The Olympic Games draw thousands of competitors in a number of disciplines. From skating to skiing and bobsleigh to biathlon, the competitors will have spent years honing their skills to reach the Winter Games in Vancouver. Watched by an estimated 1.5 billion viewers, the athletes will put on a dazzling display of stamina and steel, grit and guts.

This is what the competition is all about.

For hundreds of Langley students, however, the Olympics sports are all about having fun.

A large banner, unfurled during the second period of the Russia vs Slovakia women’s hockey game on Feb. 8 at the Langley Events Centre, depicts sports from the eyes of children. It’s all very jolly.

The banner is the Spirit of Sport Legacy Art Project. Four feet high and 40 feet long, it features the art of more than 450 Langley elementary school children. Created by Township of Langley graphic artist Brad Johnson, the piece captures the children’s enthusiasm for sport and the positive role it plays in their lives.

Kerry Querns of the Langley School District and Councillor Jordan Bateman co-ordinated the project in which the students picked a sport they liked and put their thoughts on paper.

“Every one of them had a happy face. They were thinking of the fun side of sport,” Johnson said.

The students were given a letter size piece of paper for their drawings. Johnson then scanned the 600 images into Photoshop and, when the necessary manipulation was completed, the finished images were put on five 4 x 8 vinyl panels.

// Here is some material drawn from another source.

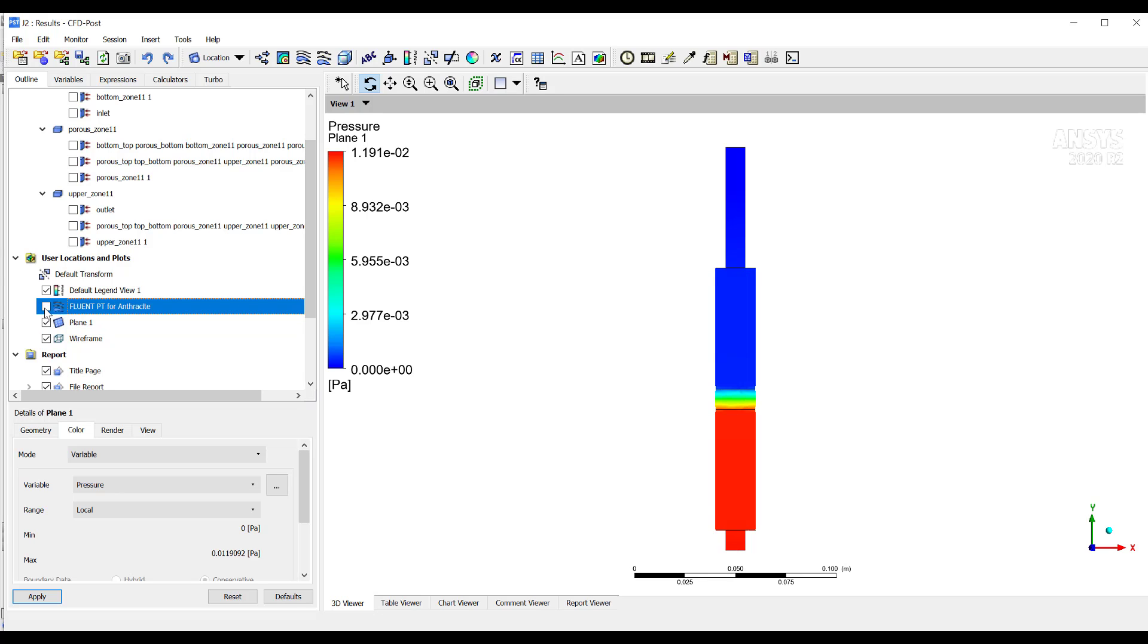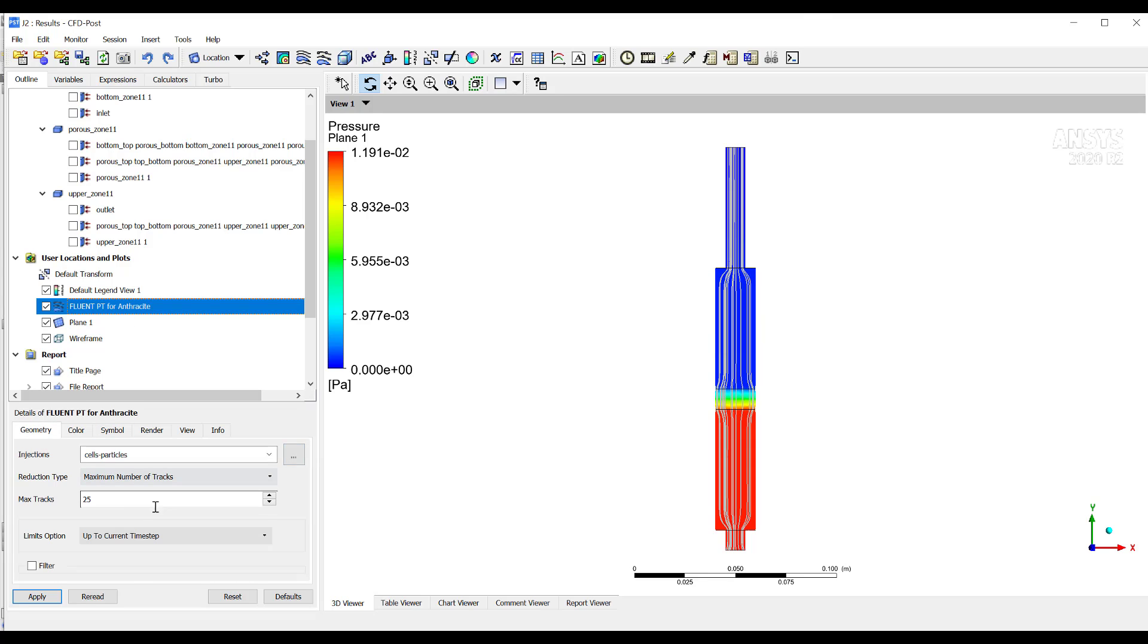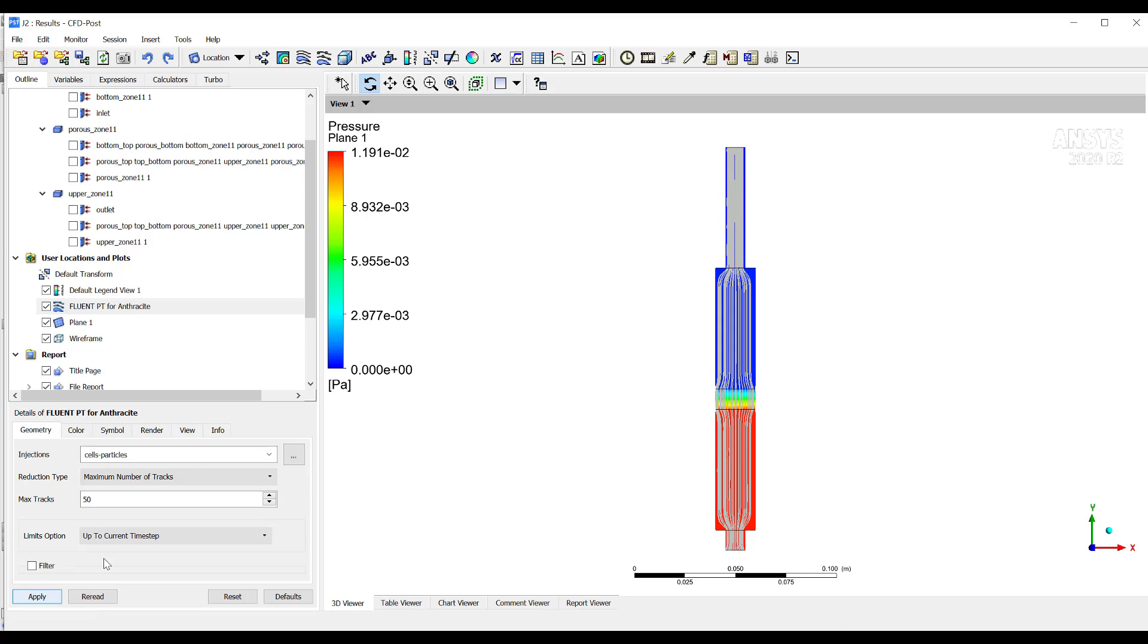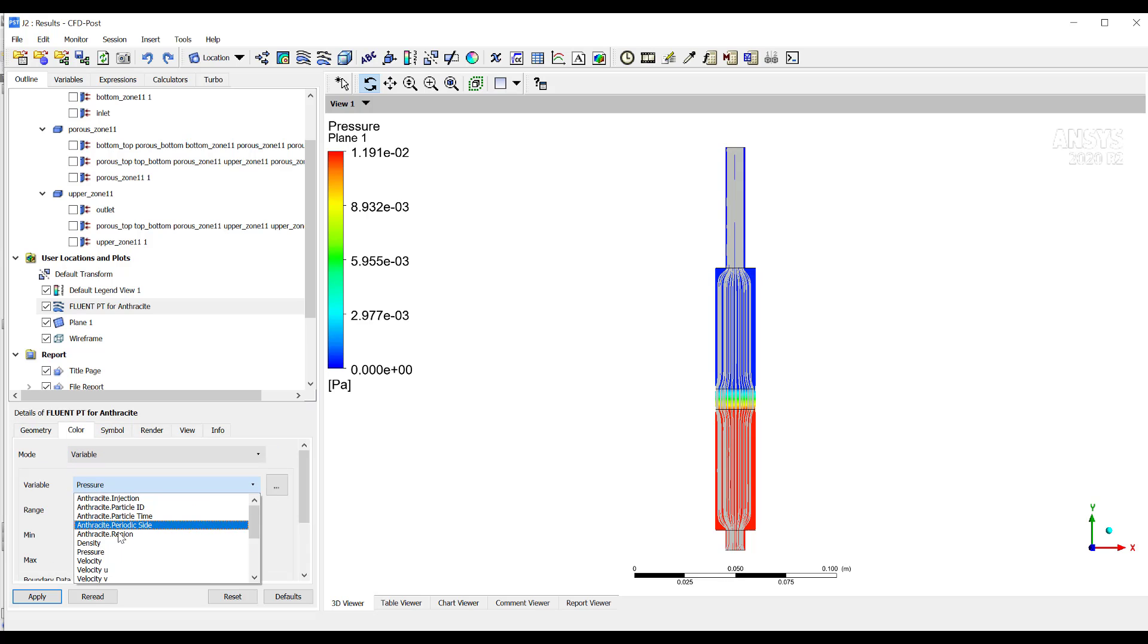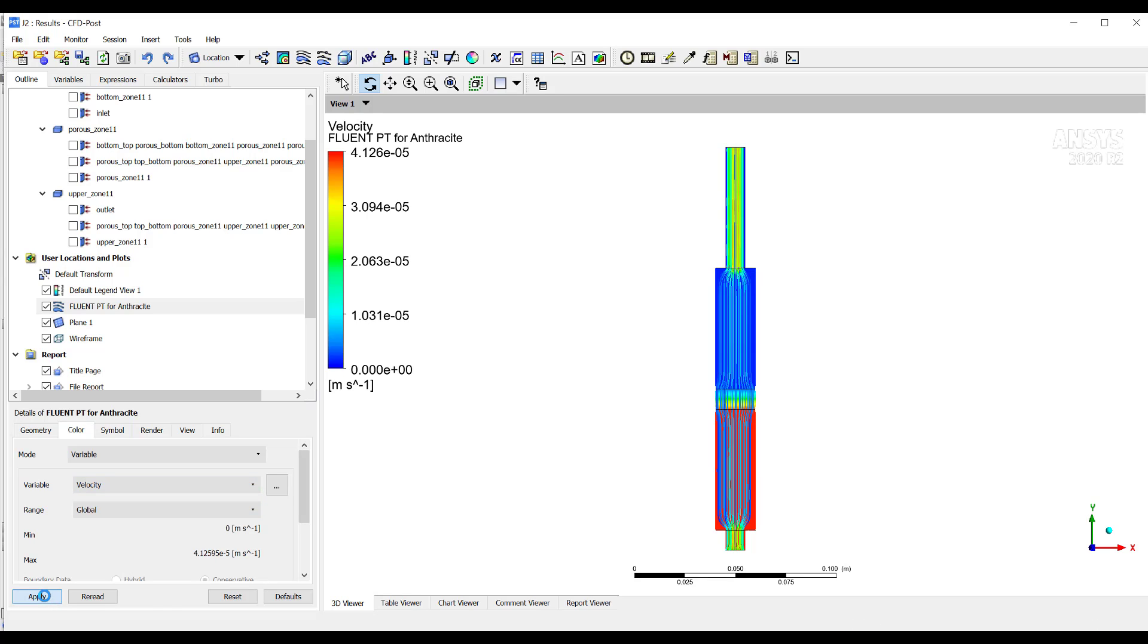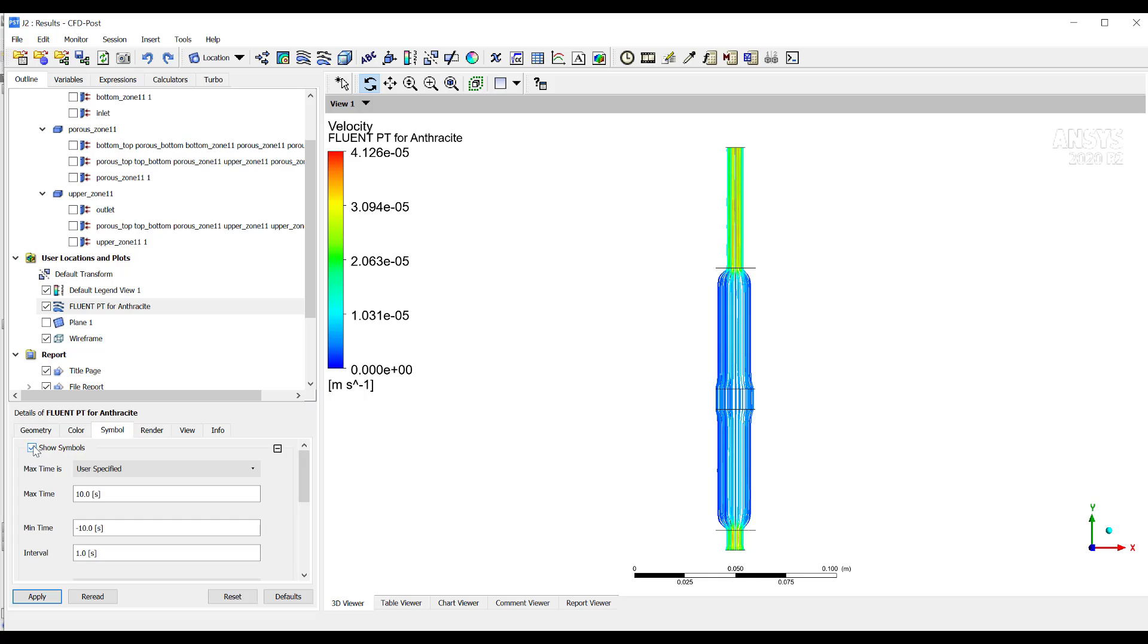Then if you double click here, then you have different options. For example, if you increase here this, then you will have more streamlines. Also, if you want to color it by, let's say velocity, then also you have that option. I can, for example, hide this plane. If the symbol, for example, if you want the symbol, let's say it's a ball, then you will have these balls here.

They now hang on the north wall of the LEC concourse, and commemorate the day the Olympic Torch came to Langley.

“This was a lot of fun to put together,” said Johnson, who volunteered 80 hours of his time to the project.

“There is something so innocent about kids’ drawings that you can’t capture as an adult,” he said.

A sports enthusiast, coach and father, Johnson said his children Alixandra and Aydan often create sports-related art for him.

“As a coach myself, my emphasis has always been to just have fun, and I can see that in these drawings,” he said. “There is such energy in them.”